RECORDS TO PROCESS:

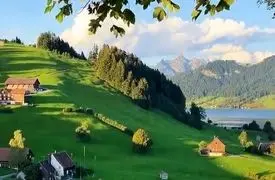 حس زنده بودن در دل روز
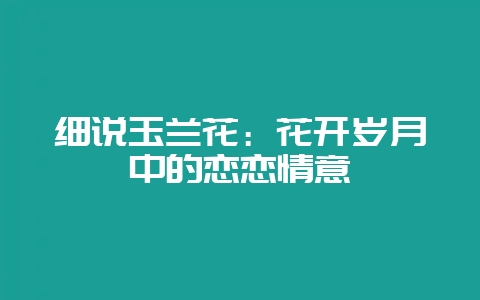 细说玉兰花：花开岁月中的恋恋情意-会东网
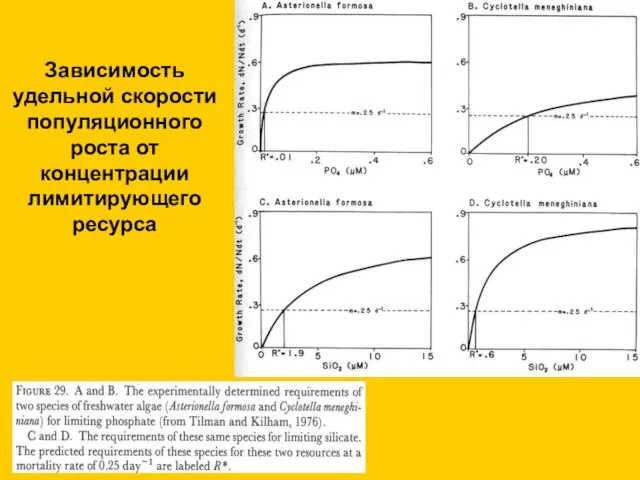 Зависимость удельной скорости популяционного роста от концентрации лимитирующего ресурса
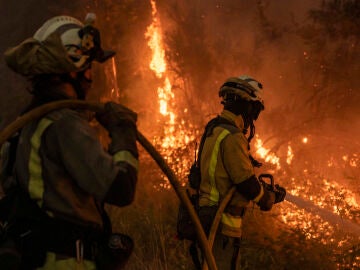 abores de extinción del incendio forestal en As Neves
* * *
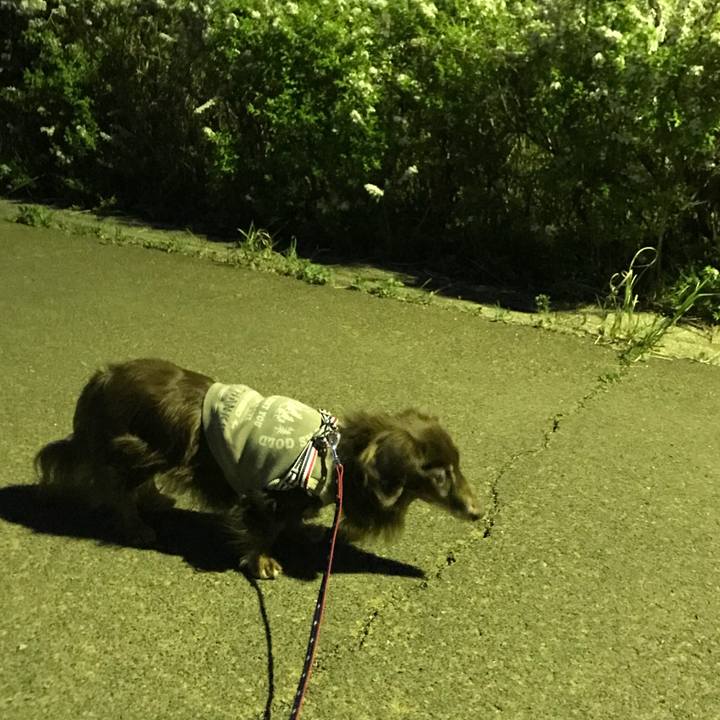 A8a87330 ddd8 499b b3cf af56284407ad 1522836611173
* * *
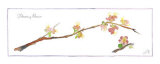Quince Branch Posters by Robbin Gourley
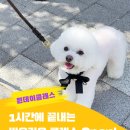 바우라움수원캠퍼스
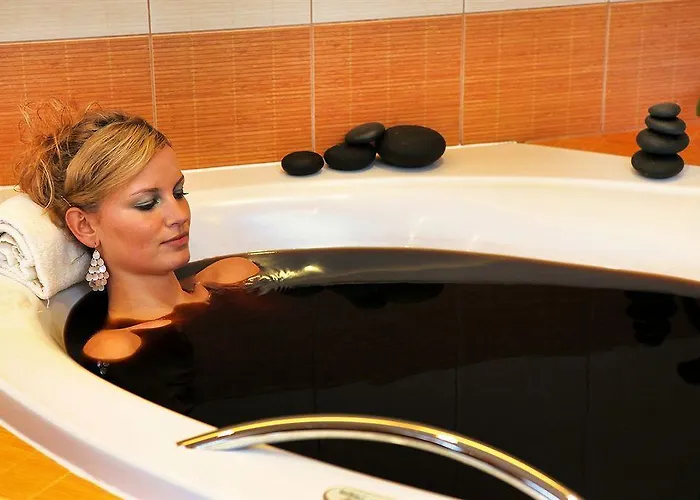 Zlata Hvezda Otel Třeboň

DIRECTIONS:
Write back the stretch of lines above that begins with the line holding "حس زنده بودن در دل روز" and ends with the line holding "abores de extinción", both included, exactly as written. Pictures stay out.

TASK RESPONSE:
 حس زنده بودن در دل روز
 细说玉兰花：花开岁月中的恋恋情意-会东网
 Зависимость удельной скорости популяционного роста от концентрации лимитирующего ресурса
 abores de extinción del incendio forestal en As Neves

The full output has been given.